> [ASSIGNED TASK] Beginning with the line containing "Hoàng Tử Rắc Rối Chap 17 - Trang 3", write out each line exactly through the end of the listing, and skip all pictures.
Top of SOURCE DATA
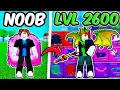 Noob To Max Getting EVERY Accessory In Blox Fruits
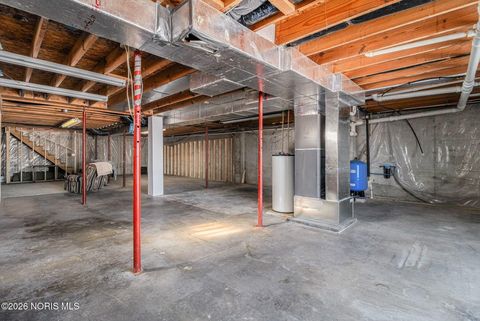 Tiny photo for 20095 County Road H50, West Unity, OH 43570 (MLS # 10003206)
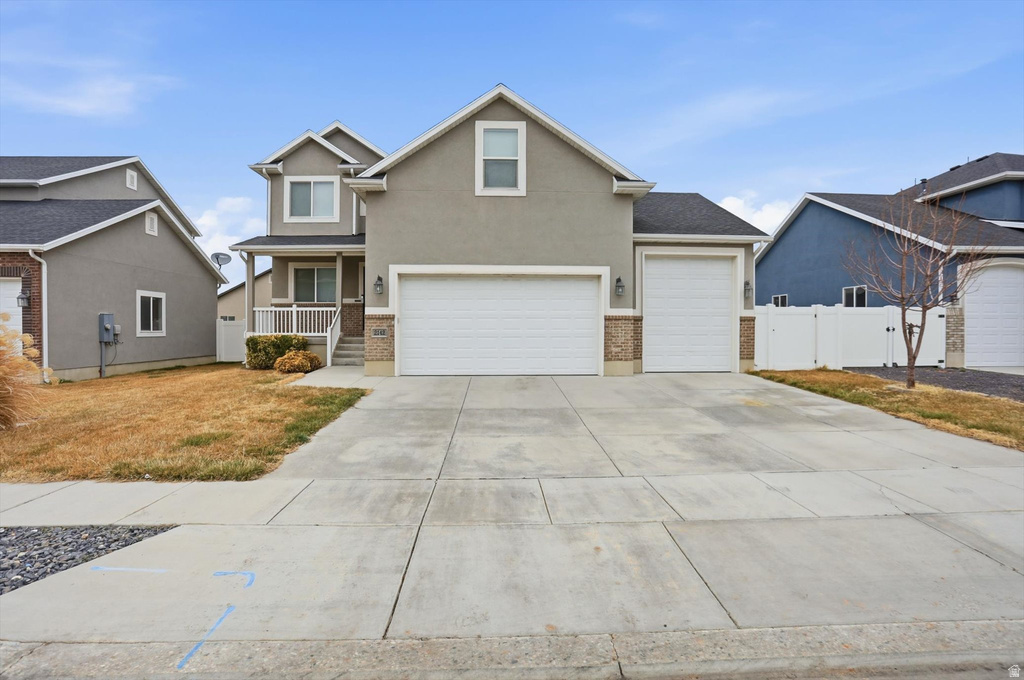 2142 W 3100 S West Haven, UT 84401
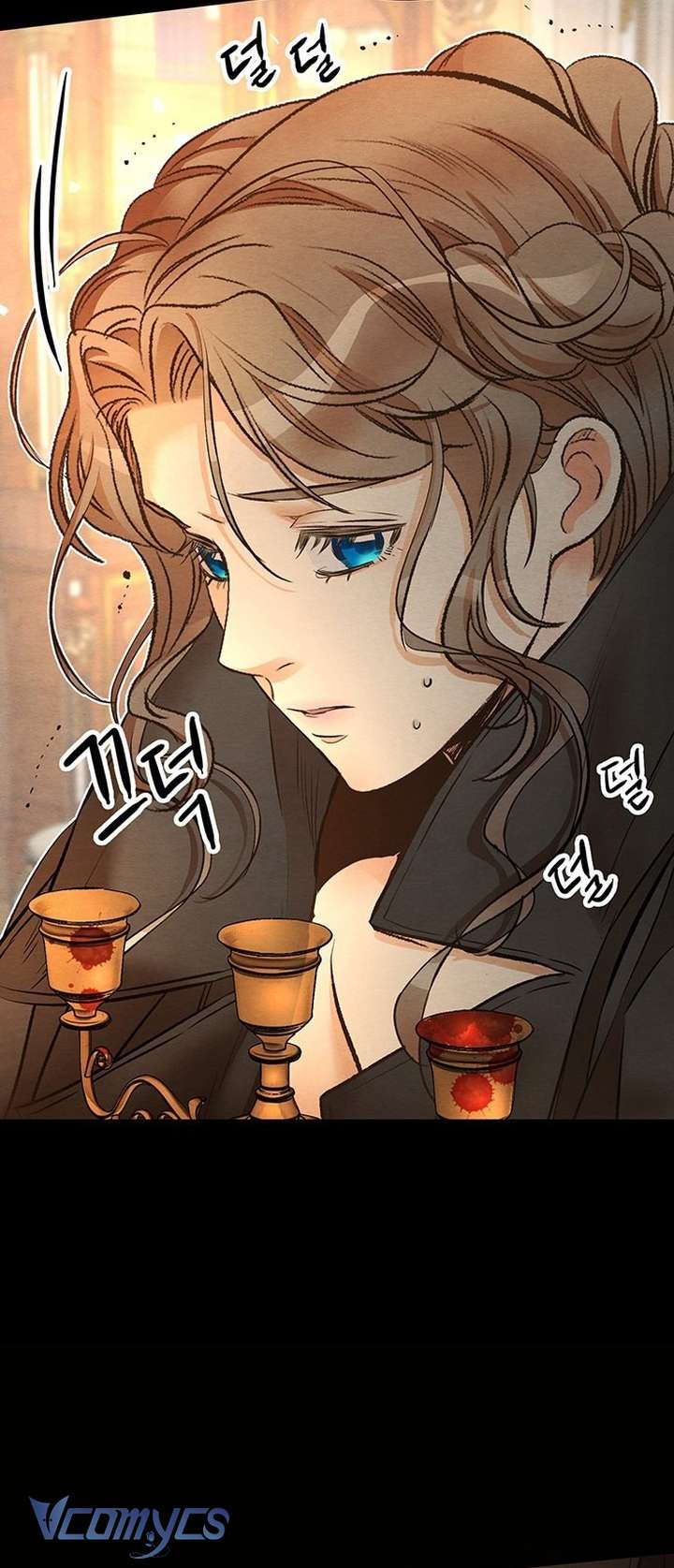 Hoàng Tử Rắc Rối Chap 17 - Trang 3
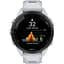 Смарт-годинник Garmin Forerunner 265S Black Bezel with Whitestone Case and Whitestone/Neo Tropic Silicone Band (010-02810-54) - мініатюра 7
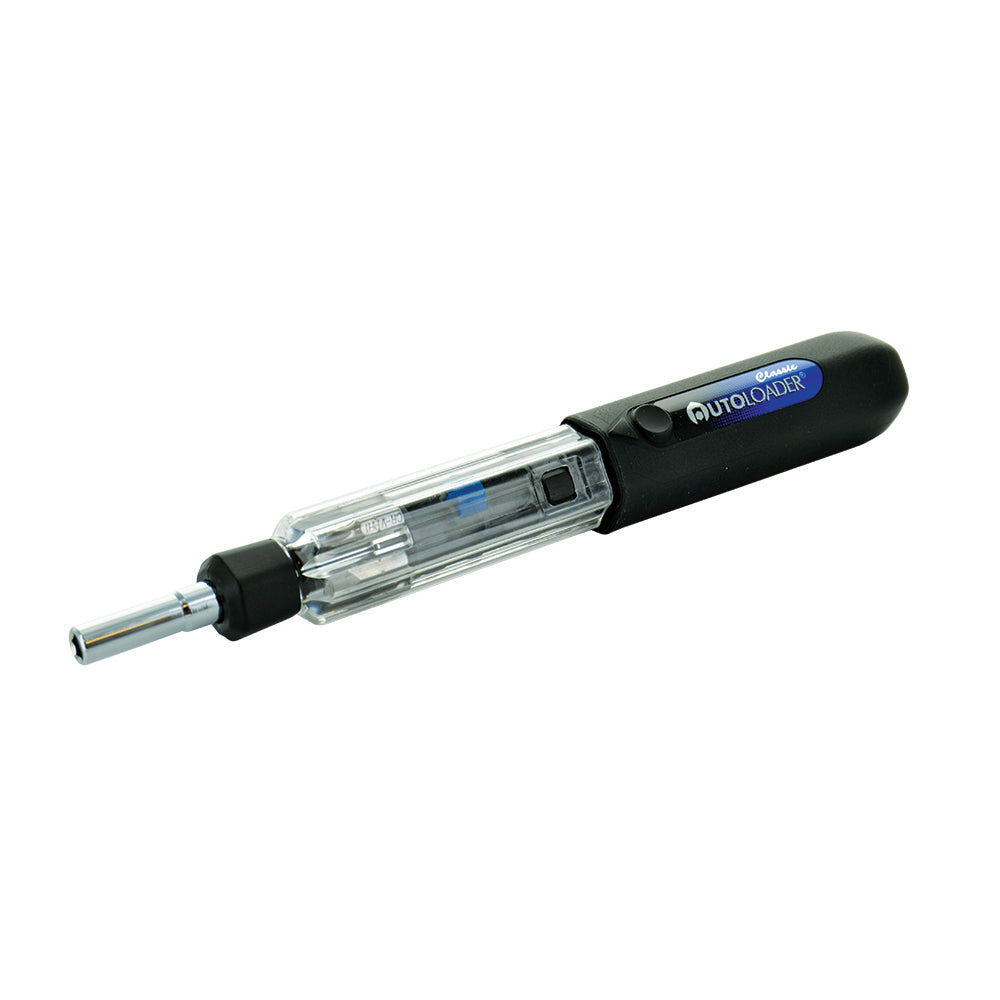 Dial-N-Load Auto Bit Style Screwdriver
Bottom of SOURCE DATA
> [OUTPUT OF THE TASK]
 Hoàng Tử Rắc Rối Chap 17 - Trang 3
 Смарт-годинник Garmin Forerunner 265S Black Bezel with Whitestone Case and Whitestone/Neo Tropic Silicone Band (010-02810-54) - мініатюра 7
 Dial-N-Load Auto Bit Style Screwdriver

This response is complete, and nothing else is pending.